Iowa City property owners would see a lower tax rate next fiscal year under a budget proposal released Thursday, although most homeowners would still pay more in taxes and fees.
The rate decrease would be accomplished in part by fee increases and cutting several positions from the city workforce.
Also, city leaders as expected are contemplating seeking voter approval to reinstate a special sales tax that expired this past summer.
City Manager Tom Markus’ 396-page budget proposal kicks off the public phase of the budgeting process for fiscal year 2015, which starts July 1. The City Council will discuss the budget throughout the month of January and could make changes before holding a public hearing and voting on it in March.
The budget includes $52.4 million in general fund expenditures, down from $52.8 million this year.
Markus is recommending a property tax rate of $16.71 per $1,000 of taxable value, compared with this year’s $16.81. That’s a 0.6 percent decrease, and it would be 6.4 percent lower than in fiscal 2012.
Markus has stressed the need for the city to be more competitive with its tax and utility rates.
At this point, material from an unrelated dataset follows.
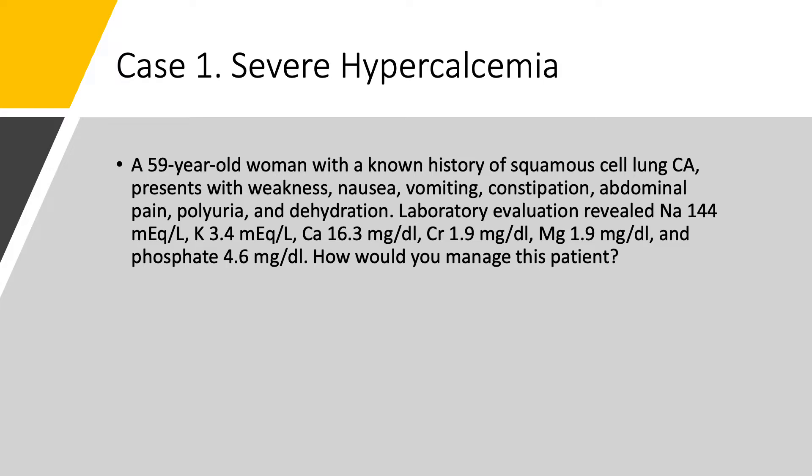Case number one: severe hypercalcemia. A 59-year-old woman with a known history of squamous cell carcinoma of the lung, which is a known cause for severe hypercalcemia. She presents with nausea, vomiting, weakness, constipation, abdominal pain, dehydration, and polyuria — the usual symptoms of severe hypercalcemia.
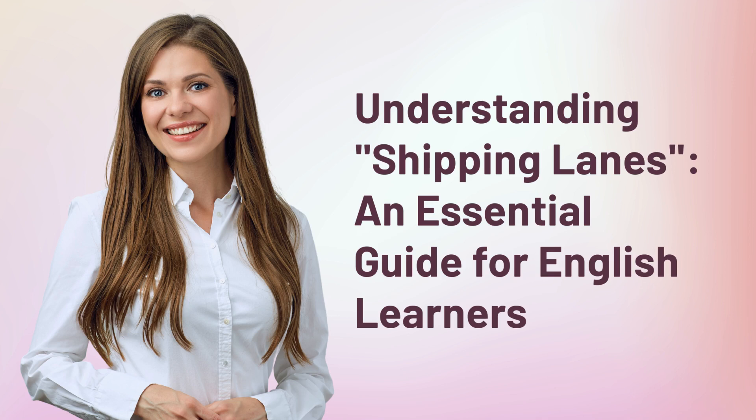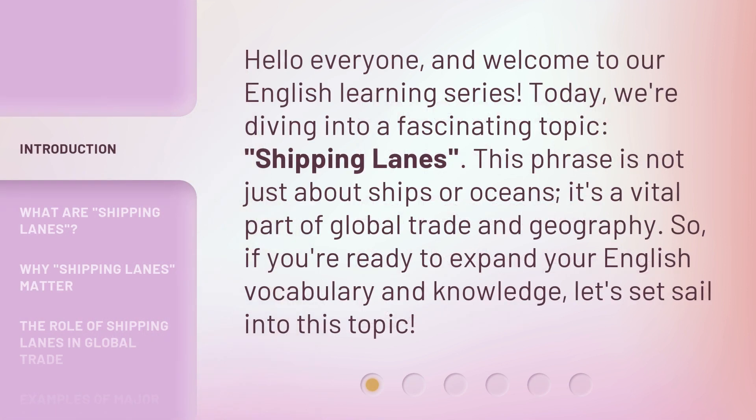Understanding Shipping Lanes: an essential guide for English learners. Hello everyone, and welcome to our English learning series. Today, we're diving into a fascinating topic — shipping lanes. This phrase is not just about ships or oceans; it's a vital part of global trade and geography. So, if you're ready to expand your English vocabulary and knowledge, let's set sail into this topic.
Iowa City’s current tax rate is higher than what property owners pay in Cedar Rapids, Coralville, North Liberty and Davenport, and it is significantly more than the first three towns.
“The large difference plays a role in private sector economic development decisions and Iowa City needs to work to close that gap,” Markus wrote in the budget document’s introduction.
Her referred questions Thursday to the city’s finance director,
Because of an increase in the state-set rollback, which is the percentage of a residential property’s value that is taxed, the owner of a $100,000 home would pay $909 in city taxes under the proposed tax rate, up $21 from this year.
Markus also suggests increasing water fees by 5 percent and the refuse collection fee by 40 cents a month.
With taxes and fees combined, that owner of a $100,000 home would pay $42 more in fiscal 2015 than this year.
The city believes the majority of businesses would pay less in property taxes and fees under the proposed budget.
Markus said moves that have enabled the tax rate to be lowered include debt restructuring, favorable health insurance rates, pursuing cost-sharing agreements for services like a new animal shelter, fee increases and the proposed reduction of the equivalent of 6.5 city employees.
Those employees would come from the Finance Department, the Housing Authority, cable TV, Community Development and a manager for a project that is nearly complete. They would occur through a combination of layoffs and attrition from people retiring or leaving the city, Finance Director Dennis Bockenstedt said.
The city's 615-person workforce is 22 full-time positions less than two years ago.
Markus and City Council members have said in recent months that they need to be proactive in planning for leaner times. They have warned in particular that property tax reform undertaken by state lawmakers earlier this year could cost Iowa City $50 million over the next decade.
The state has said it will backfill lost tax revenue, but local government leaders statewide are skeptical of that. In response, Markus is recommending the creation of an emergency fund should the state backfill fail to occur.
He said service cuts and a 1 percent local-option sales tax also could help offset a loss in revenue.
A voter-approved local-option sales tax from 2009 to this past summer generated more than $34 million for flood projects.
Markus said a new tax could go toward road work, property tax relief, affordable housing, neighborhood school partnerships and sustainability projects. But he did not recommend the council seek the tax, and he did not identify possible service cuts.“I think, in general, it’s to initiate discussion,” Bockenstedt said.